Bisnis.com, JAKARTA - Kehadiran cerita-cerita lokal masih mewarnai keragaman perfilman Tanah Air. Seperti film Uang Panai karya sineas Makassar yang mampu menarik lebih dari 500.000 penonton. Kehadiran film ini menjadi pertanda jika cerita lokal masih memeliki tempat di hati penonton, khususnya penonton daerah yang memiliki kedekatan dengan isi cerita.
Menurut penulis skenario, Salman Aristo, saat ini belum banyak penulis maupun pembuat film yang benar-benar mengangkat cerita lokal. Dalam artian crita lokal seperti di Makassar dengan film Uang Panai. “Kalau yang saya lihat baru di Makassar, jadi menurut saya masih sangat sdikit,” katanya belum lama ini di Jakarta.
Sebelumnya, penulis skenario yang akrab disapa Aris ini pernah menulis cerita lokal yang filmnya sangat fenomenal, yaitu Laskar Pelangi dan Sang Penari. Namun, dirinya menganggap cerita tersebut belum khas, mengingat banyaknya hal-hal universal dalam film tersebut.
“Memang mengangkat cerita lokal, tapi masalah yang diomongin masih lebar. Seperti Sang Penari yang menceritakan tentang Banyumas tapi konteksnya masih lebar, seperti masalah politik.

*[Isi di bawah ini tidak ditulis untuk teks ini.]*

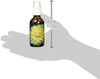 Flower Essence Services Dandelion Dynamo Oil 2 Ounce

Kalau Uang Panai memang khas dan temanya tidak ke mana-mana. Benar-benar konteks lokal. Kalau Laskar Pelangi dan Sang Penari belum selokal itu,” kata Aris.

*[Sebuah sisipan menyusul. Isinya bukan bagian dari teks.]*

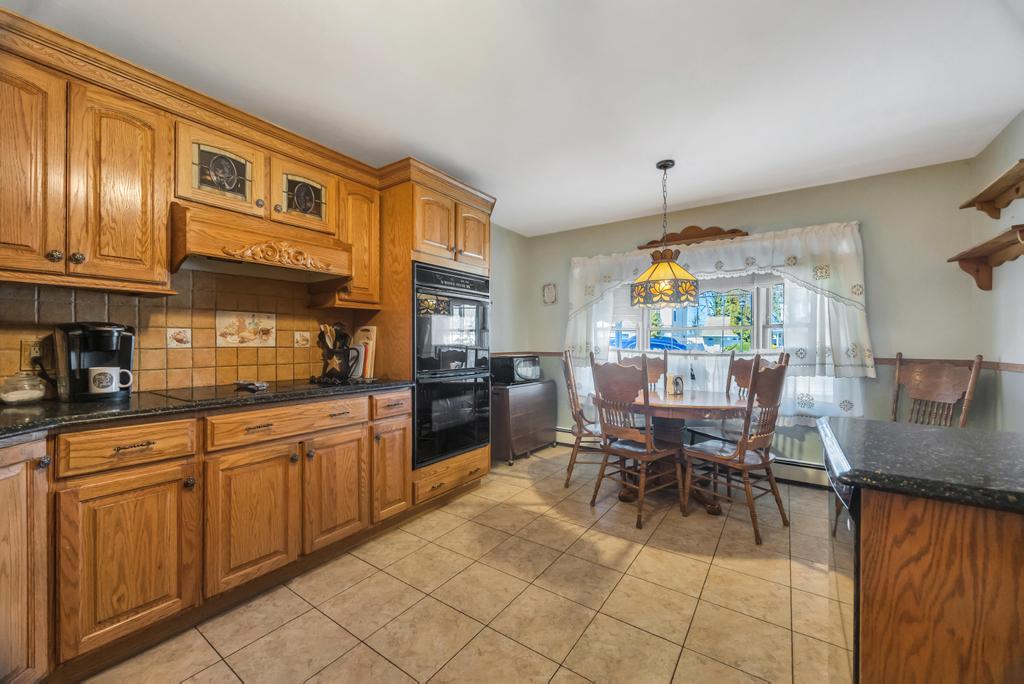 38 Cliff Lane, Levittown, NY 11756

Menulis cerita lokal memang bukan hal mudah. Menurut Aris, tantangan utamanya adalah harus mendapatkan semuanya. Dalam artian segala hal yang ada di sana harus tertangkap dan betul-betul mewakili. Untuk itu menurutnya yang harus mengerjakan harusnya orang lokal. Tidak bisa dikerjakan oleh bukan orang lokal karena tidak menangkap semua potensi yang ada.
Menurut saya sebuah film lokal memiliki persyaratan yang menurut saya masalahnya ada di situ [lokal] dan tidak bisa dipindah. Meski banyak yang berdalih jika ceritanya universal sehingga setiing tempatnya bisa dipindahkan. Bagi saya cerita universal itu bukan berarti setingannya bisa dipindahkan. Cerita lokal itu tidak bisa dipindahkan kemana -mana, karena masalahnya , semangat zamannya ada di situ.
Mengenai potensi ke depannya, Aris mengatakan belum memiliki data yang pasti. Tapi jika melihat kesuksesan Laskar Pelangi bisa dipastikan jika sebenarnya penonton tidak bermasalah dengan mendengarkan bahasa daerah. “Membaca subtitle itu sudah bukan masalah. Nyaman-nyaman saja sebenarnya walaupun perlakuannya seperti film asing . Secara potensi, harusnya besar,” katanya.
Aris menambahkan, jika sejak dulu sebenarnyaIndonesia sudah memiliki banyak potensi-potensi cerita lokal. Hanya saja belum banyak orang yang ingin menggali, sehingga secara potensi sebenarnya sudah kaya, namun belum banyak digali.